I huffed. “No. They don’t give us lowlifes access to important details like that. When the case is retired, sure. Then I’ll have a whole file. At this stage, I’m given pertinent information to post on our website. The end.”
“I know how it works.”
“Then what exactly are you expecting?”
He grunted, shifted his weight, then mumbled, “There’s always talk. Don’t you listen?”
“Buddy, I’m new here. I barely know people’s names, never mind the ins and outs or secret details of cases.” I thumbed over my shoulder to the crypts. “If it’s not rotting away in there, I don’t know anything.”
Grumbling something incoherent, Diem made for the door.
“Hey. How about you leave me a phone number and tell me what you’re looking for exactly? I’ll keep my eyes and ears open. I’ve met this Valor guy. Maybe I can milk him for information.”
Diem shifted around. “Valor won’t give you anything. Unless…” His steely gaze swept over my face.
I huffed. “Unless I accidentally stick my dick in his face too? Pegged me, have you? Can’t say I’ve done the same.” I scanned the surly brute again, cocking my head to the side and squinting as though it might help.
Diem remained stolid as ever, chewing on air and pinning me with a look I couldn’t read.
Whatever. Why did I care?
“Regardless,” I continued, “rumor has it, Valor’s taken, so flirting won’t get me anywhere. What do you need, Guns? If I can help, I will.”
Diem fished a battered leather wallet from his back pocket. From inside, he removed a plain white business card with a cliché magnifying glass logo on the front. “If you learn anything about the Aurelian case, call me.”
“Better question. What do you know about this case that has you so interested?”
He flicked the card with a thick finger. I wasn’t going to get anywhere.

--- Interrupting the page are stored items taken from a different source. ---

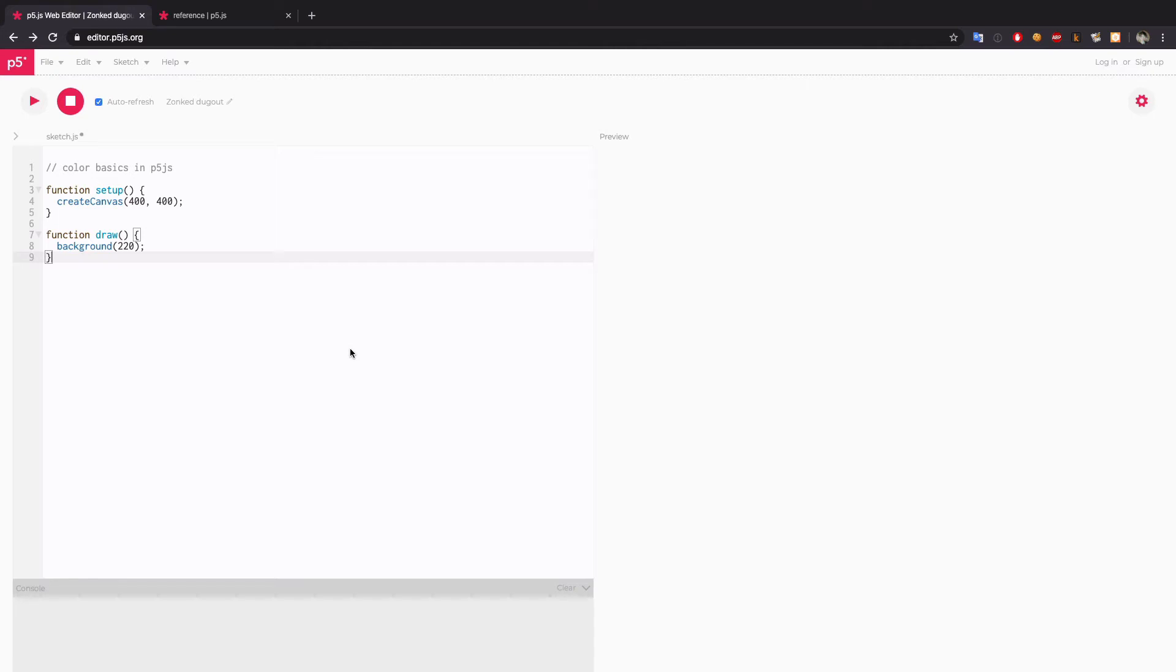Let's talk about the colors a little bit. There are two types of colors you can apply in p5.js: stroke and fill.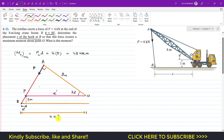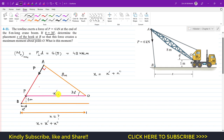We can see from the free body diagram that x equals x' plus x''. Considering triangle OAP, the cosine component gives us: x' times cos(30°) equals 8 meters. This comes from the right-angle triangle OAP.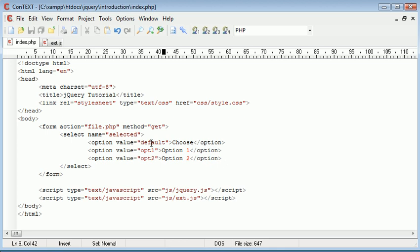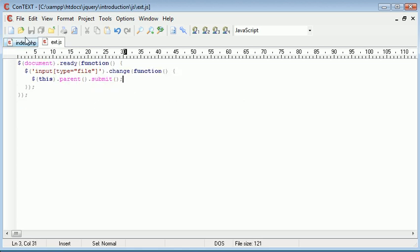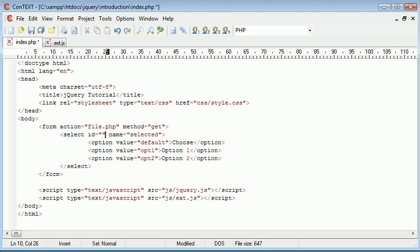We're either going to be able to submit the value default, opt one or opt two. But what we want to happen is we only want to submit this form when this changes. So what we can do is give this a particular name. I'll do it with the ID selection. I'm going to give this an ID of options.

“Fine. I get it. I’ll call.”
Before Diem moved away, he seemed to experience another moment of hesitation. I had a hunch those were rare with him. After a beat, he reached out and tugged my tie straight, his thumb grazing the underside of my chin with the action. He paused, still holding the knot near my throat.
Quieter, he said, “If those maintenance guys don’t show by tomorrow at noon, you call me. I’ll raise hell.”
I wanted to protest and tell him I could fight my own battles, but the random, lingering touch left me floundering. His knuckle moved—by accident or on purpose, I wasn’t sure—brushing hot against my skin.
“And no more climbing on the counters. It’s dangerous and stupid. I may not be here to save you next time, and you could break more than your glasses.”
With one last tug, satisfied my tie was straight, Diem backed away until he reached the door. He tipped his hat. “Good night, Mr. Domingo.” Then he turned and left.